- **Data for this exercise**

--

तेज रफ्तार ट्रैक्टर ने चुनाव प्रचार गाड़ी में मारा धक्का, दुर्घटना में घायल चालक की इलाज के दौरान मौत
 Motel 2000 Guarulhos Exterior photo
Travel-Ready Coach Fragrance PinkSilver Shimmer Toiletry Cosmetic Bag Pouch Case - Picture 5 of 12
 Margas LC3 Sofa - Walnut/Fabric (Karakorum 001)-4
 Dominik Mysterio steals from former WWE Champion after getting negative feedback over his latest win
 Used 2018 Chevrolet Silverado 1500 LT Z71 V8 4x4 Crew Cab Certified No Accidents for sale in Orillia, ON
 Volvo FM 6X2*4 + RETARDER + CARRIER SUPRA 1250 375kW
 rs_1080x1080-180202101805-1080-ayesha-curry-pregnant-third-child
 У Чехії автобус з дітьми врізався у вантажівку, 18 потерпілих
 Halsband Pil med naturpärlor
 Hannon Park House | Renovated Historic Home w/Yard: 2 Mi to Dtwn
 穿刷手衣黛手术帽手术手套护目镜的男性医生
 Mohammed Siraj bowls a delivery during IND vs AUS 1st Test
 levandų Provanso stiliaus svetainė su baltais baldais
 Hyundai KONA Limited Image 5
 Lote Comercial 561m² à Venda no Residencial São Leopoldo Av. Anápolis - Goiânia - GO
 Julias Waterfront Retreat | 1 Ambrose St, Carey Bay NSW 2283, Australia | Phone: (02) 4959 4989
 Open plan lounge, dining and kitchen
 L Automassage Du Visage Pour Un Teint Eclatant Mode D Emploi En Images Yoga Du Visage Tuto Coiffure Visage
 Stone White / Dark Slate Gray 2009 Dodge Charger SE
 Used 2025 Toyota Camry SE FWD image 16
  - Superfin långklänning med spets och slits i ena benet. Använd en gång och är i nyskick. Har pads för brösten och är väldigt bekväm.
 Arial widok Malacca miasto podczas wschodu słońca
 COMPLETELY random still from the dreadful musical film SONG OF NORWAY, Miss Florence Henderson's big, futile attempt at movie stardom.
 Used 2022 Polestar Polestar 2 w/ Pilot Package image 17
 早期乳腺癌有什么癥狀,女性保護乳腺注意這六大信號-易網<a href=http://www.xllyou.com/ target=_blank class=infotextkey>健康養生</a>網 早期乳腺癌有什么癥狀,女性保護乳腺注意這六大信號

--

- **Your objective**
Go through the entries above and report how many lines hold the word "Used". Nothing but the number is needed.

- **The answer**
3